Stephen J. Bevan wrote:

> Dawid Ciezarkiewicz writes:
>  > It enforces to use upper level encryption with internal
>  > fragmentation which is problem because of more more frames that
>  > those bridges have to handle, bigger traffic etc.
> 
> Where did the fragmentation come from?  If you are sending TCP over
> IPsec then the ESP/AH code should decrease the TCP MSS as it goes
> through to take acount of the extra space that IPsec will take up.
> Thus neither end-point will ever send a frame on that session that
> will require fragmentation.  Granted you can still have a problem if
> someone sends a UDP packet that is close to the 1500 MTU, but RFCs
> recommend against it (e.g. DNS&SIP) and applications should try to
> avoid it.

First, ccrypts task is to secure Ethernet, not IP. Secondly, IPsec won't
decrease MSS in TCP encapsulated in PPPoE traffic, for example.

> Thus the argument for ccrypt should say :-
> 
> a) why IPsec is not suitable for securing IP traffic in WIFI scenarios.

It's suitable. But for IP.

> b) what traffic other than IP traffic needs to be encrypted.
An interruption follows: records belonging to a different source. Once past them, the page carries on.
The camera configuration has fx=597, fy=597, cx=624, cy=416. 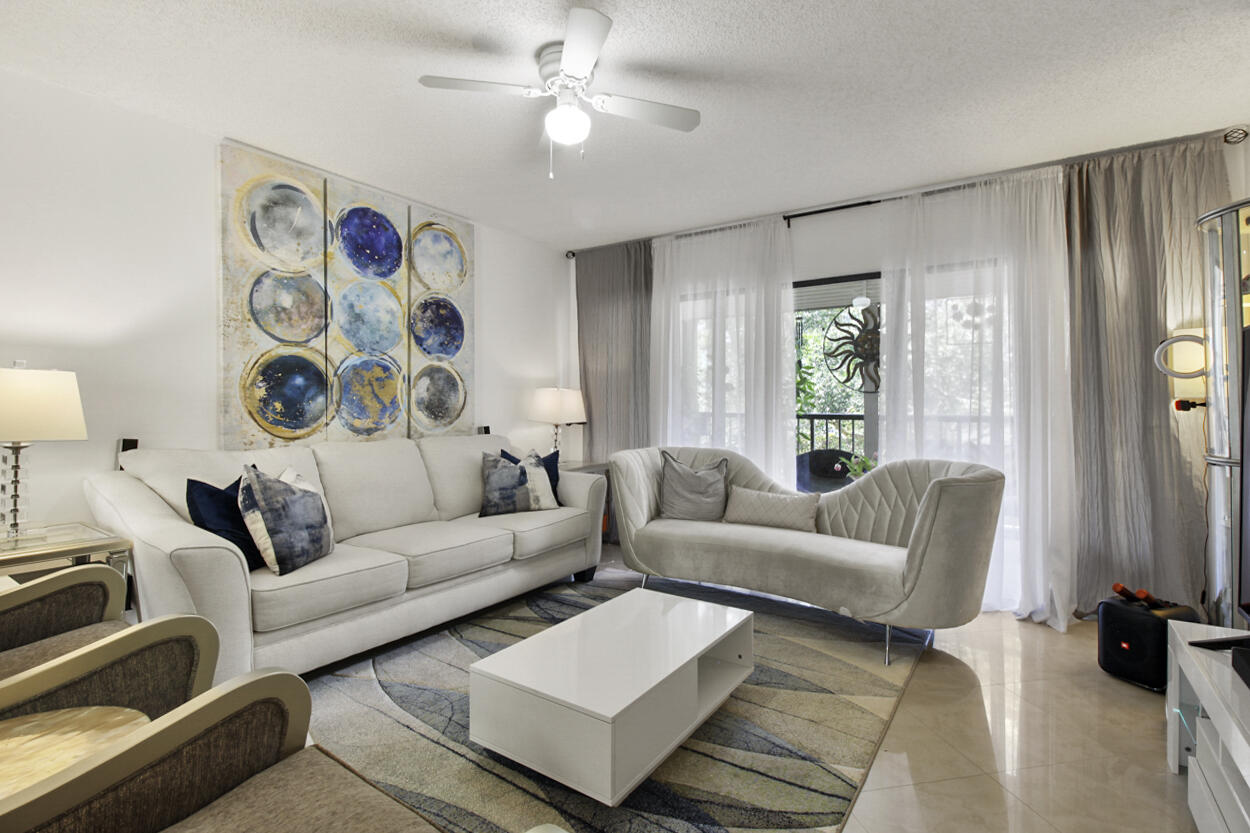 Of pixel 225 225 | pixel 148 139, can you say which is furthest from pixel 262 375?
pixel 148 139

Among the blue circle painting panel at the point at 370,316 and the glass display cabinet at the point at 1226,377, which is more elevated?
the blue circle painting panel at the point at 370,316

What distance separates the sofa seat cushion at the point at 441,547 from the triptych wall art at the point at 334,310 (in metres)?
0.86

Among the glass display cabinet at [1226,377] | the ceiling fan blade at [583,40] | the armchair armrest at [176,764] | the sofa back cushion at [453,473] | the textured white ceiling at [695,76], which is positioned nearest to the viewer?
the armchair armrest at [176,764]

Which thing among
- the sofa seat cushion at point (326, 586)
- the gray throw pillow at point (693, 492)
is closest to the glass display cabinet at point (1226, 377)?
the gray throw pillow at point (693, 492)

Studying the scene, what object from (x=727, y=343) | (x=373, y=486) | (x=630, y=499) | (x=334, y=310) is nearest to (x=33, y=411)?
(x=373, y=486)

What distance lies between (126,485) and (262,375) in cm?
89

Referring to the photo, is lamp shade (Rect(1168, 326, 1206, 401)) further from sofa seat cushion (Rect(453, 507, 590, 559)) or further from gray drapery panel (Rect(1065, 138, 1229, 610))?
sofa seat cushion (Rect(453, 507, 590, 559))

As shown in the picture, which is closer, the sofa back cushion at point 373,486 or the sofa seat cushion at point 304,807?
the sofa seat cushion at point 304,807

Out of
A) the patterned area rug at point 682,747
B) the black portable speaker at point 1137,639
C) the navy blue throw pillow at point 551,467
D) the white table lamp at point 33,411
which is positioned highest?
the white table lamp at point 33,411

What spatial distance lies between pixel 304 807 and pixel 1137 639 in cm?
304

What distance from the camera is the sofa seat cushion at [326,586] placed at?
226 cm

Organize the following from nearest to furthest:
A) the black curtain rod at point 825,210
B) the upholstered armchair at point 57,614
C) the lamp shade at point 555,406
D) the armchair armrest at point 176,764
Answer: the armchair armrest at point 176,764 → the upholstered armchair at point 57,614 → the black curtain rod at point 825,210 → the lamp shade at point 555,406

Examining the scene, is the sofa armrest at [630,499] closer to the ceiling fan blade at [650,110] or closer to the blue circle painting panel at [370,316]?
the blue circle painting panel at [370,316]

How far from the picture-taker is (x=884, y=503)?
3346 mm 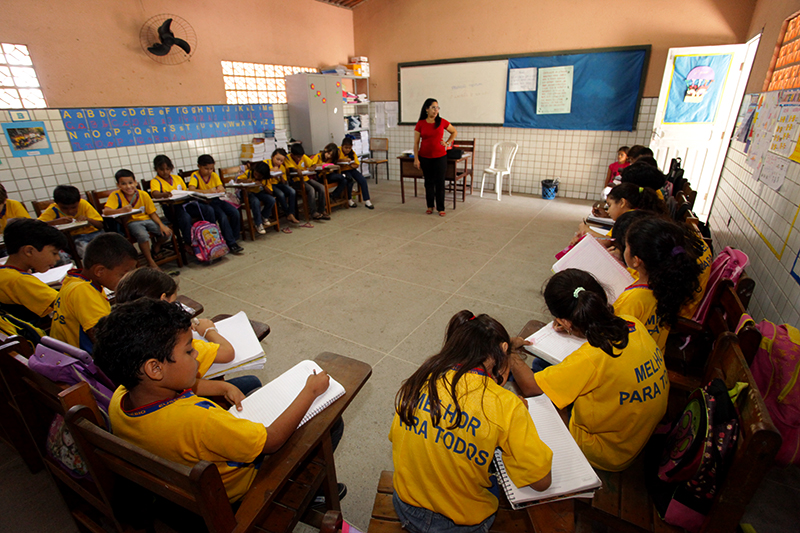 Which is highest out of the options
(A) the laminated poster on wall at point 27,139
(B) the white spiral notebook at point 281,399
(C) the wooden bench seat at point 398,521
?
(A) the laminated poster on wall at point 27,139

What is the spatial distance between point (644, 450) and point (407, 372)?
129 centimetres

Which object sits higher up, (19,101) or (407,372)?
(19,101)

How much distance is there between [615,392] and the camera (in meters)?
1.13

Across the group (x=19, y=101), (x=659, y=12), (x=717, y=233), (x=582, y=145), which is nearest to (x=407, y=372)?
(x=717, y=233)

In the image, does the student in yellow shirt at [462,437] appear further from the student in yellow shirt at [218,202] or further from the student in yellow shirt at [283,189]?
the student in yellow shirt at [283,189]

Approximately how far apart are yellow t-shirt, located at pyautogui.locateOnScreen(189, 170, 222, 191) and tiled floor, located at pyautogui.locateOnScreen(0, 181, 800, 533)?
812mm

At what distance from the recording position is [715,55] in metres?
4.61

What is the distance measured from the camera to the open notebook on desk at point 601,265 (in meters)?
1.95

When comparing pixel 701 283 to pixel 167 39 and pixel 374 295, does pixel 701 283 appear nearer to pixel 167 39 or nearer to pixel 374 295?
pixel 374 295

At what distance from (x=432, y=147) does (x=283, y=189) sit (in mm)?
2037

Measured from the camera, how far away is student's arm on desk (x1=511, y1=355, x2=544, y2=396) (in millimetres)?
1194

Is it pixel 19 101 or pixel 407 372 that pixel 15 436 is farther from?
pixel 19 101

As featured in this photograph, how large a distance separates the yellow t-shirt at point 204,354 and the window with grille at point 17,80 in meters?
4.29

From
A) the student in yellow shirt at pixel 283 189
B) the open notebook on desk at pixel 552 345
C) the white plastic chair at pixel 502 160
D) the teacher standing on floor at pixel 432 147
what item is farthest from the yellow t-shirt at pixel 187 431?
the white plastic chair at pixel 502 160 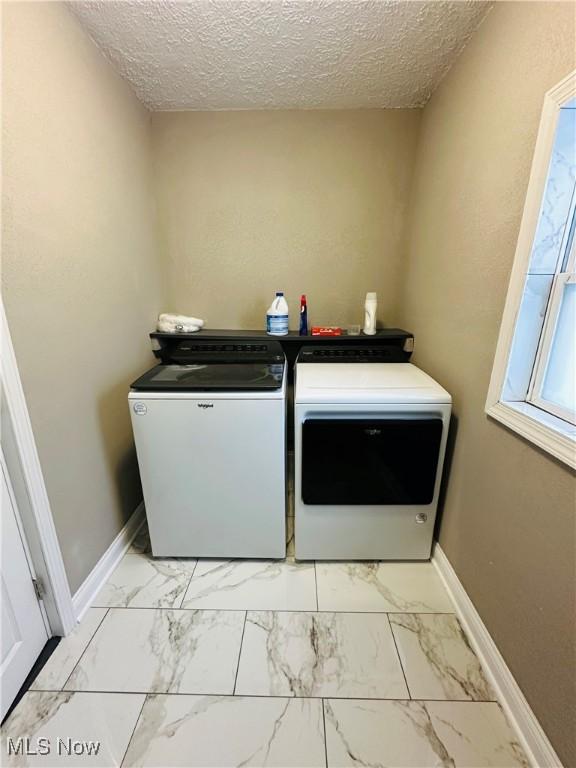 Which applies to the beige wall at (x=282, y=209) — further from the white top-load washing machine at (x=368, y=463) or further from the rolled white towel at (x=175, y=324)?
the white top-load washing machine at (x=368, y=463)

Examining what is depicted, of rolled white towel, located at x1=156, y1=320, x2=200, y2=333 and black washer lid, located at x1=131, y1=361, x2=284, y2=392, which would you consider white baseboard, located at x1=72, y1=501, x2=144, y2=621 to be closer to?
black washer lid, located at x1=131, y1=361, x2=284, y2=392

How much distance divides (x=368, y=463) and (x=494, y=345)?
66cm

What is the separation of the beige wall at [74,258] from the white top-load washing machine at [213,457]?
0.21 m

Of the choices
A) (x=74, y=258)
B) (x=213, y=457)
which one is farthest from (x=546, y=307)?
(x=74, y=258)

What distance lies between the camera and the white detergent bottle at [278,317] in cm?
190

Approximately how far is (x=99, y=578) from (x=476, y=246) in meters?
2.08

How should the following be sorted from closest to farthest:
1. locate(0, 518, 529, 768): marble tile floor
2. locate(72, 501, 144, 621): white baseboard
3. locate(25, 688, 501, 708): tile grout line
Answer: locate(0, 518, 529, 768): marble tile floor < locate(25, 688, 501, 708): tile grout line < locate(72, 501, 144, 621): white baseboard

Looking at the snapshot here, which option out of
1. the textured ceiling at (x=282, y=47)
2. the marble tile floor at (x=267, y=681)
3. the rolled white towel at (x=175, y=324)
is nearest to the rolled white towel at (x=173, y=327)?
the rolled white towel at (x=175, y=324)

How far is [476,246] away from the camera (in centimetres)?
121

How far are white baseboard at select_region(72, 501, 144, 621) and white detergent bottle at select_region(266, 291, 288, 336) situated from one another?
1.28 m

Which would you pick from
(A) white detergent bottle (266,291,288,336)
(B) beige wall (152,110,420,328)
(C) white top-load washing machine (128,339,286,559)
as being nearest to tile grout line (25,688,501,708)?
(C) white top-load washing machine (128,339,286,559)

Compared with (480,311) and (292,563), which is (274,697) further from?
(480,311)

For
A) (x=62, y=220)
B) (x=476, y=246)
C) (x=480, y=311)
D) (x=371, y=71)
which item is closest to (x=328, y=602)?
(x=480, y=311)

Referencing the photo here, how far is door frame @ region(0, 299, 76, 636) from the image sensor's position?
3.12 ft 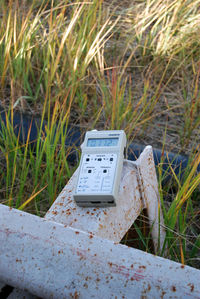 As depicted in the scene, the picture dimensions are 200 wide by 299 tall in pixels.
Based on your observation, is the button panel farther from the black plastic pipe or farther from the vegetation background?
the black plastic pipe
PPPoE; Ethernet in general.

>  > This allows key switching without loosing any frames. It should be done
>  > quickly, since when in "key transition" state all invalid/spoofed
>  > frames have  double cpu impact on receiver. Shouldn't be a problem
>  > because attacker should have no clue about when key is being switched.
> 
> If the keying is done manually an attacker won't know when the keys
> are changed.  However, if keying is coordinated over the same link via
> a protocol (as is done with IKE for IPsec) then the attacker can see
> (or at least guess) the packets carrying the keying protcol thus know
> re-keying is going to occur.

Only if the rekeying traffic is the only being transmitted. IMHO a border
case.

> Indeed, in IPsec, the equivalent of ccrypt is ESP and that's rather
> straighforward.  The complicated part is IKE, the userspace component
> that handles keying.  It is certainly possible to create something
> simpler than IKE (e.g. IKEv2 is somewhat simpler) but the devil is in
> the details.

Sure, but that's IMHO little bit off-topic in regard to ccrypt, which is
just an encryption back-end (eventually the rekeying daemon will sit in the
userspace).

Oh, and of course I agree IKE (v1) is too complicated :-).

>  > I was not aware of that. Thanks. I will add this info to
>  > documentation. There is nothing actually I can do about that in the
>  > form that ccrypt is mean to be now.
> 
> For completness there are also switches that :-
> 
> * take notice of the TOS/DiffServ bits in an IP header and will
>   re-order based on them
> 
> * will re-order frames due to redundancy, load-balancing,
>   spanning-tree changes ... etc.

I'll only add to what Dawid has said that ccrypt has been designed for
direct P2P links, with single path (and no such switches on it's way).
Later it turned out to be applicable for eg. small (simple) LANs or
wireless ad-hoc networks.

Thanks for your remarks!

Bye,

-- 
Pawel Foremski  
[EMAIL PROTECTED]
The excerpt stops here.